Since the “Orange Revolution,” the state has been waging war against the single tax. Both Tymoshenko and Yanukovych attempted to abolish it, and now the united Donetsk team has taken up the cause with renewed determination. I can identify three reasons for this restlessness.
The first is the simplest and most obvious. “What’s this—you paid me, and that’s it? What if I need money again tomorrow or something else?” The client of the state must be available for robbery at any time of year and any time of day. What matters to the state is not so much the taxpayers’ money as their dependence.
The second reason is, so to speak, a matter of the present. Enterprises (along with the little people who work there) are the main subject of redistribution in the Ukrainian version of feudalism.
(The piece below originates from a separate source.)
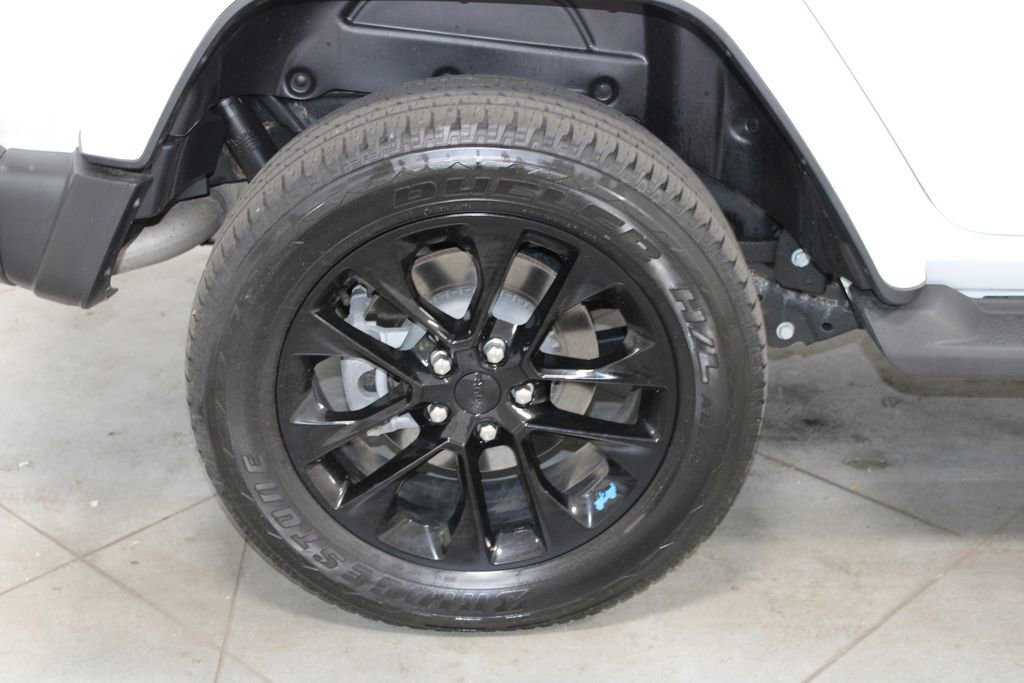 Used 2023 Jeep Wrangler Unlimited Sahara w/ Cold Weather Group image 16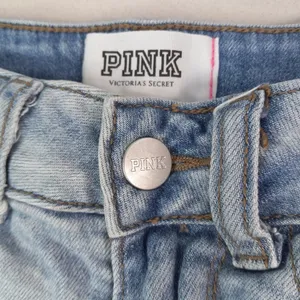 VS PiNK 0 27 Shorty Destroyed Light Wash Denim Raw Hem Jeans Shorts thumbnail 3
In the classical medieval version, it is land with the peasantry; in ours, it is enterprises. Enterprises pass “under the hand” of one kakistocrat or another as a result of palace intrigue and shifts in power; enterprises are seized by “raiders,” and so on, and so forth. Admittedly, the situation differs from the Middle Ages, and this must be noted. Unlike territory, which has, so to speak, a limited supply, the supply of enterprises is inexhaustible. They can be seized from each other, endlessly destroyed and ruined as “legal entities.” This happens because enterprises are created not only by kakistocrats but also by the little people themselves. They grow them, tend to them and cherish them until the moment those enterprises begin to generate profit. At that point, kakistocrats’ people usually appear, offering “cooperation”—that is, vassal dependence. Of course, I am greatly simplifying; often such ingenuity is displayed in this endeavor that, had it been applied to peaceful purposes, we would already be living under capitalism. In any case, a healthy enterprise enters the cycle, becomes a source of income for the feudal lord, and an object for attacks and trades among kakistocrats.
Generally speaking, what matters for our topic is this—in order for the process of redistribution of enterprises to function normally, they must initially fall within certain common regulatory frameworks. “Single taxpayers” fall outside these frameworks. They are like free cities in the Middle Ages. They seem to pay the lord, but you can’t take them by force. It is telling that in the Donetsk reform program, the single tax is called a “preferential” one. Indeed, from the lord’s point of view, the townspeople are insolent, unscrupulous recipients of preferences.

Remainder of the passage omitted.